Sonic the Hedgehog inspired similar platformers starring animal mascots, including Bubsy, Aero the Acro-Bat, James Pond 3, Earthworm Jim, Zero the Kamikaze Squirrel, and Radical Rex. "Animal with attitude" games carried over to the next generation of consoles, with Naughty Dog's Crash Bandicoot and Crystal Dynamics's Gex citing Sonic as a major inspiration.

Sonics success led to an extensive media franchise, with the first of many sequels, Sonic the Hedgehog 2, released the following year. It has generated dozens of additional games and a large cast of recurring characters, keeping Sonic and Robotnik (later renamed as Eggman) mainstays, and continued beyond Sega's exit from the console industry after the Dreamcast. The series has ventured from platformers to fighting, racing, role-playing, and sports games, and also expanded into anime, manga, cartoons comic books, novels, and toys. Sonic the Hedgehog is one of the best-selling video game franchises of all time, with over 140 million copies sold or downloaded worldwide across consoles, PC's, mobile phones, and tablets by May 2014. The game's first level, Green Hill Zone, has been featured in later games such as Sonic Adventure 2, Sonic Generations, Sonic Mania, Sonic Forces, and the Super Smash Bros. series.

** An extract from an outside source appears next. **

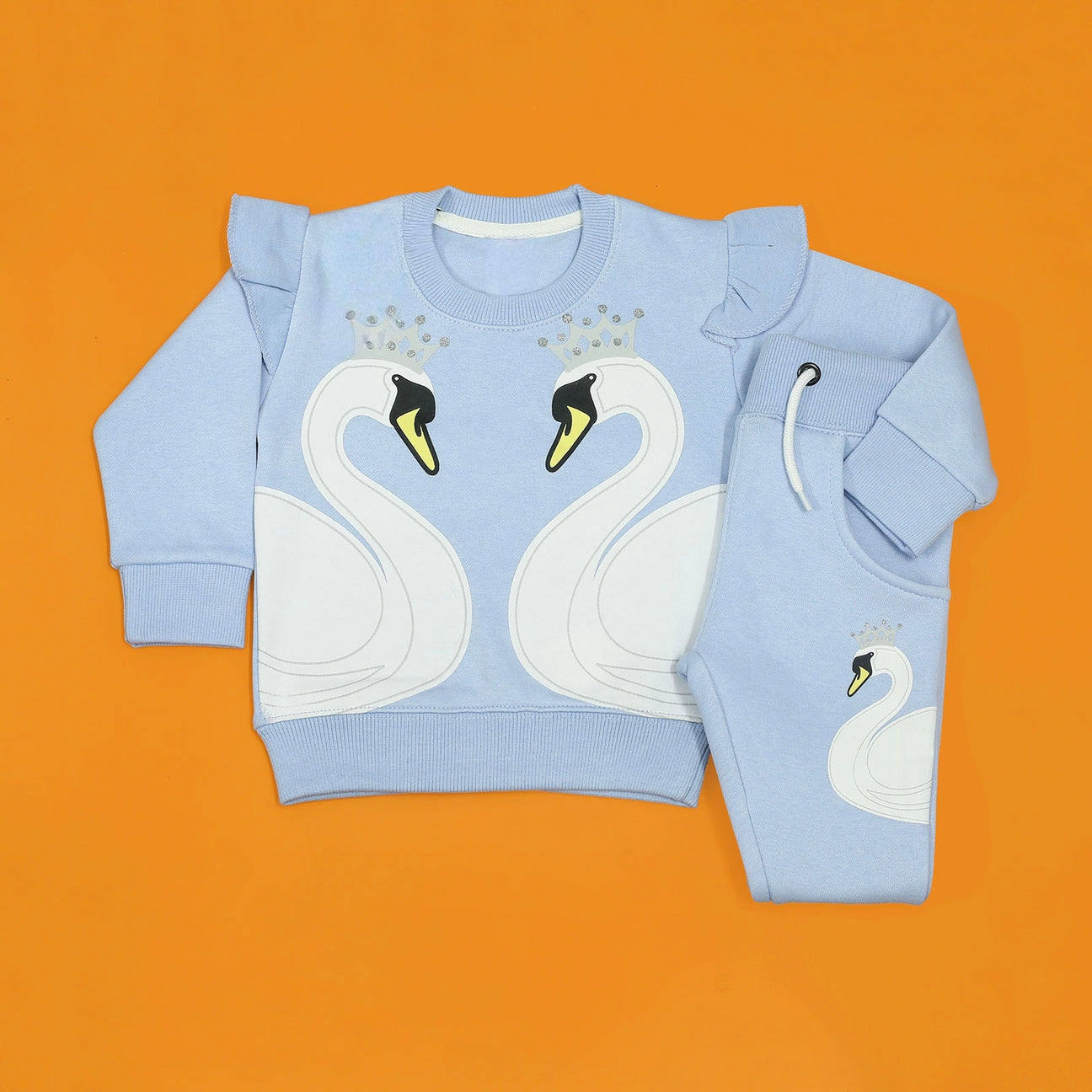 Swan Blue Tracksuit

The game inspired a number of unofficial variants, including Somari, a pirated Nintendo Entertainment System conversion featuring Nintendo's Mario character in levels from the original Sonic game, Sonic the Hedgehog Megamix, a total conversion mod of the original game, and Sonic 1 Boomed, a ROM hack which implements Sonic's redesign from the Sonic Boom animated series.

An incomplete prototype build of the game was leaked and released by Hidden Palace on January 1, 2021.